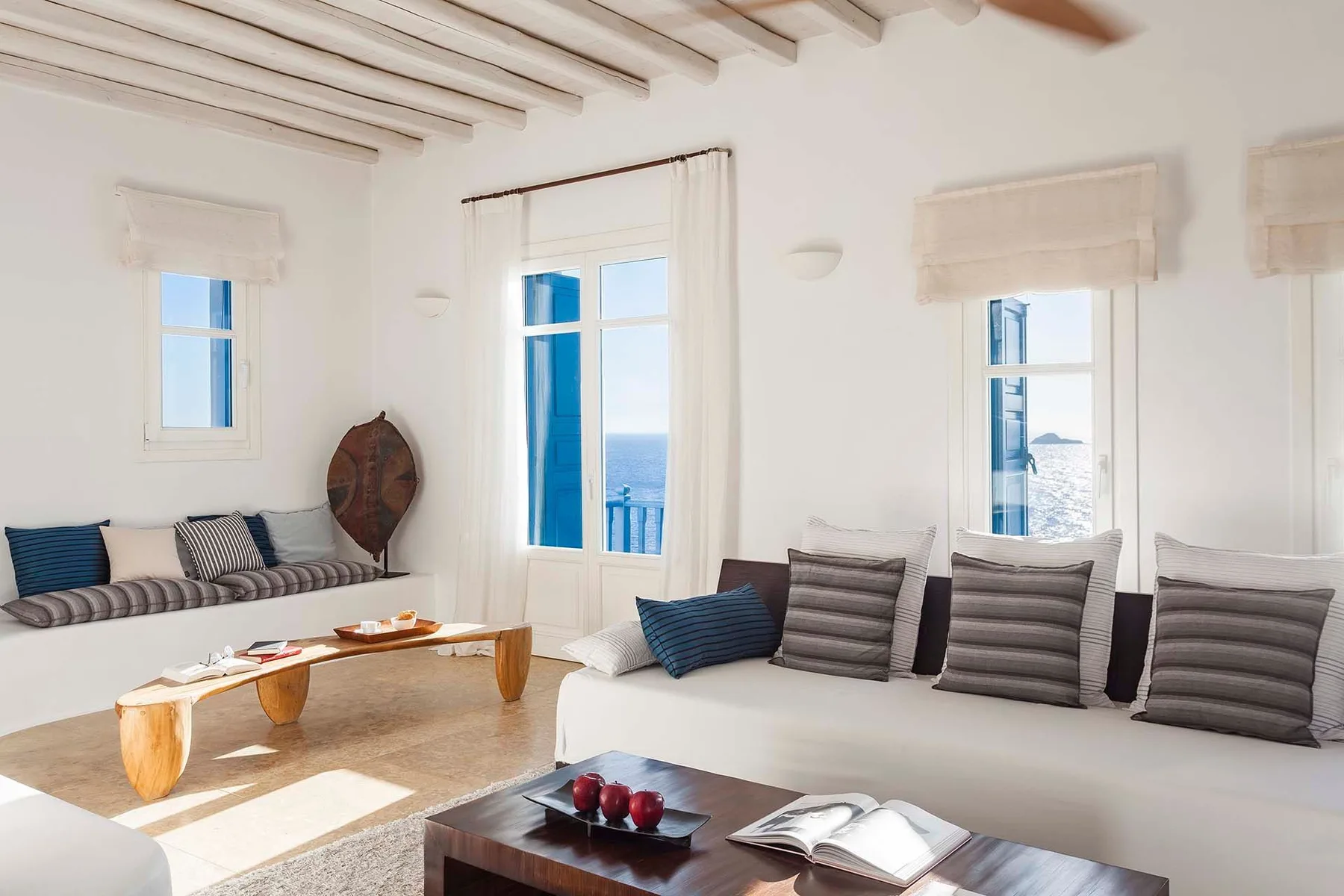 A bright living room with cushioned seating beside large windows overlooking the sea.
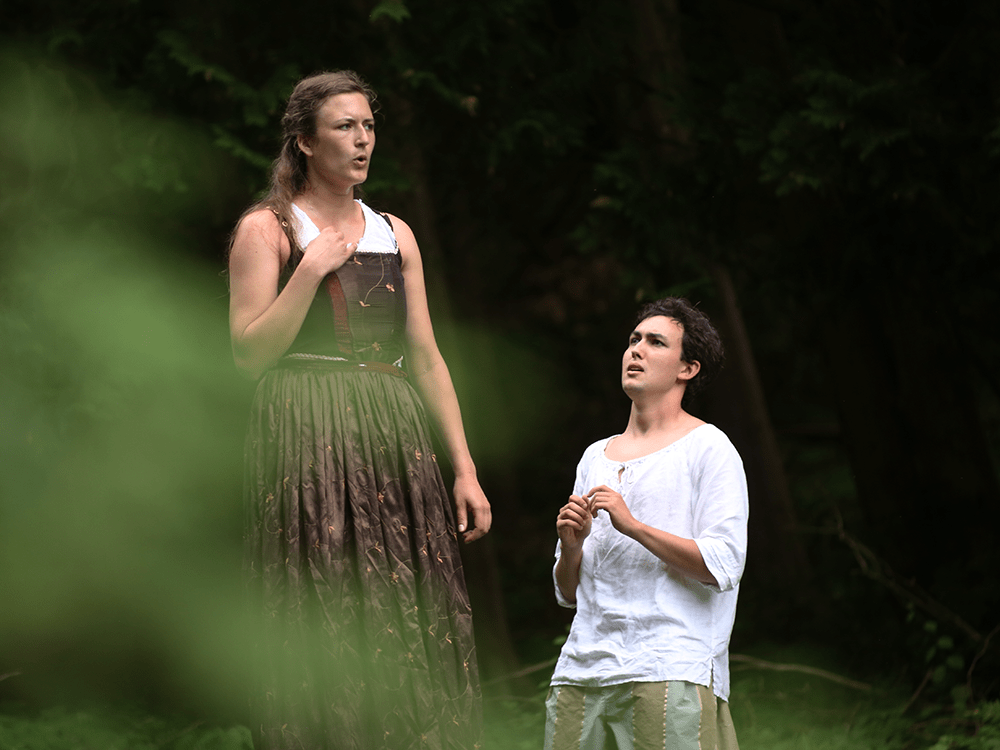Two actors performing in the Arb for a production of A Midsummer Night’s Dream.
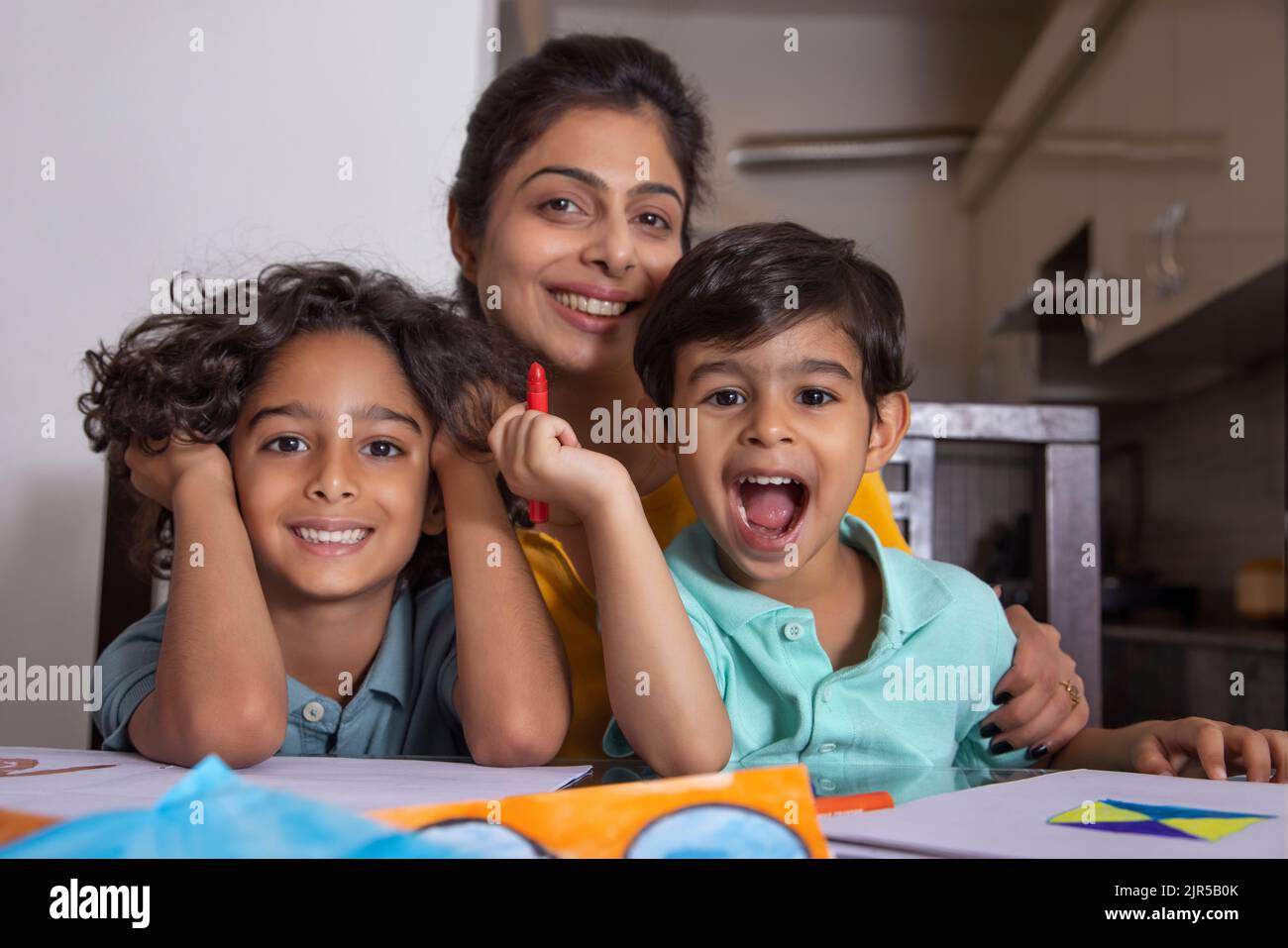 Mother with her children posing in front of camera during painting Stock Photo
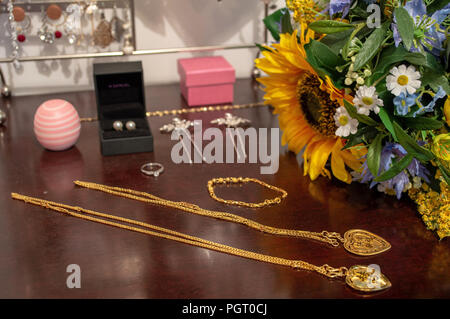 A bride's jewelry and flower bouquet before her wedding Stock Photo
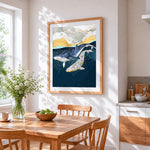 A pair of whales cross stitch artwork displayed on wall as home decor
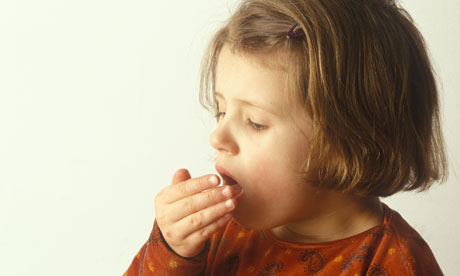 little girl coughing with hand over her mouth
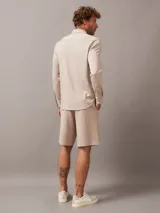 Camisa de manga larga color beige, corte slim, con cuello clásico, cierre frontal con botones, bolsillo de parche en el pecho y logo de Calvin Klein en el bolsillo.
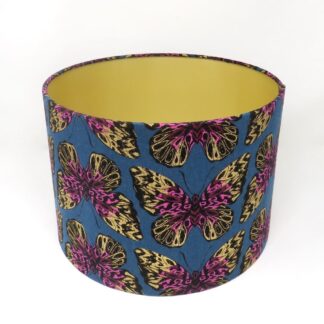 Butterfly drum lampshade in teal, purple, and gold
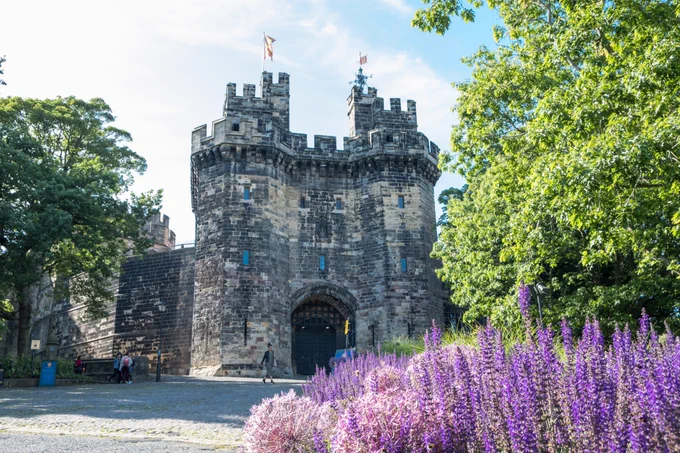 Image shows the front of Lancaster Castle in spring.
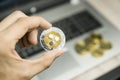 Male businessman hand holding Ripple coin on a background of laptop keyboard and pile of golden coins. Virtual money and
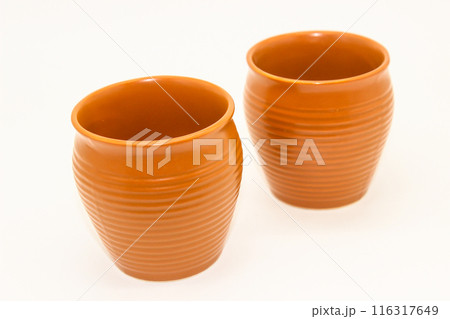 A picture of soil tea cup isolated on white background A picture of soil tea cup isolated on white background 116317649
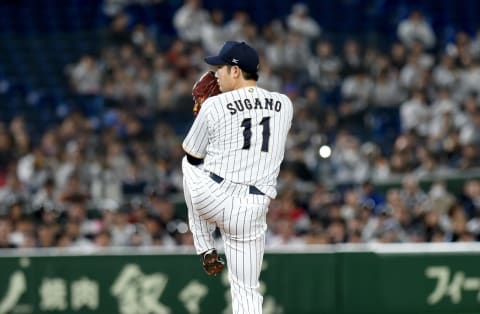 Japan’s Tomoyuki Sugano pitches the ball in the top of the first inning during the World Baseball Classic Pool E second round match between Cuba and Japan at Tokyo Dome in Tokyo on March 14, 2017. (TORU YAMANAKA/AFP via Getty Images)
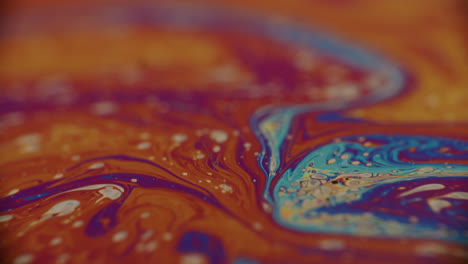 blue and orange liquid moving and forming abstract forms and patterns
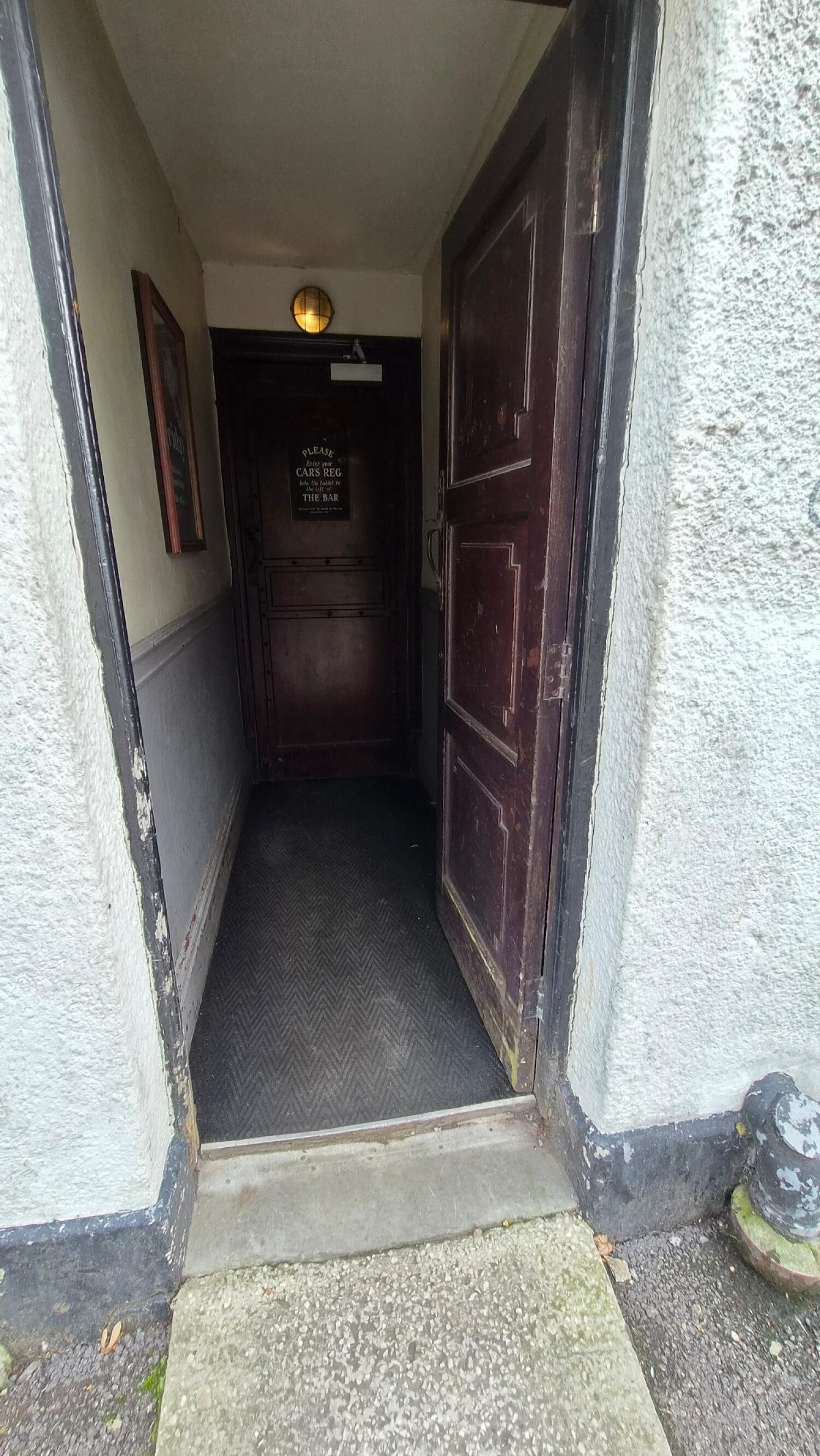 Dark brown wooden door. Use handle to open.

BRIEF: Each line from the beginning of the entries up to and including the one containing "little girl coughing" must be restated exactly. Pictures are to be left out.

EXERCISE RESULT:
 A bright living room with cushioned seating beside large windows overlooking the sea.
Two actors performing in the Arb for a production of A Midsummer Night’s Dream.
 Mother with her children posing in front of camera during painting Stock Photo
 A bride's jewelry and flower bouquet before her wedding Stock Photo
 A pair of whales cross stitch artwork displayed on wall as home decor
 little girl coughing with hand over her mouth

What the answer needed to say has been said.